The full form of fax is “telefax” or “telefacsimile.”
From “facsimile” to “telefacsimile”
“facsimile” has traditionally meant “an exact copy or replica” – the term has been used in the english language since the 16th century.
The prefix “tele” translates to “over a distance.”
Inventions from the late 1800s and early 1900s frequently used the prefix “tele” to denote their operation.
Examples still around today are “television” (vision over a distance) and “telephone” (sound over a distance).
There were also inventions similar to fax called “teleautographs” (signatures) and “telephotographs” (photographs) that sent messages over telegram wires.
The “telefacsimile” was a logical word for the function that a fax machine does.
From “telefacsimile” to “telefax”
The word “telefax” appears to have entered language very soon after “telefacsimile.”

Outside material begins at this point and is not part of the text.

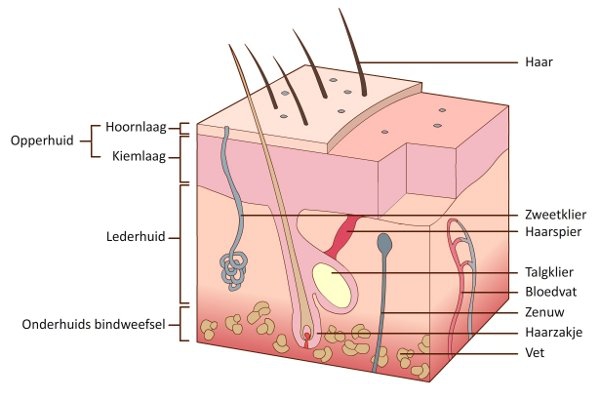 de huidlagen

It is likely a shortened version of “facsimile” as the “c” in “facsimile” is pronounced like a “k.”
From “telefax” to “fax”
The first use of the term “fax” is difficult to find as so many publishers have listed their fax number in every book they publish. Even for older books, many have been republished, making searching for the term “fax” difficult.
“Fax” was likely a logical next step from “telefax” the same what that the word “phone” evolved from “telephone.”
Facsimile evolves as a word
Since the introduction of fax machines, the definition of “facsimile” has evolved to include both its traditional definition (of an exact copy of a document) to also include a secondary meaning that is exactly the same as fax.
Many acronyms have been mentioned for the meaning of “fax.” Most of them involve Xerox, however most Xerox faxing equipment wasn’t in use until much later. Acronyms such as “far away Xerox” or “facimile automated Xerox” are likely Backronyms, or acronyms applied to an existing word after it had already entered the language.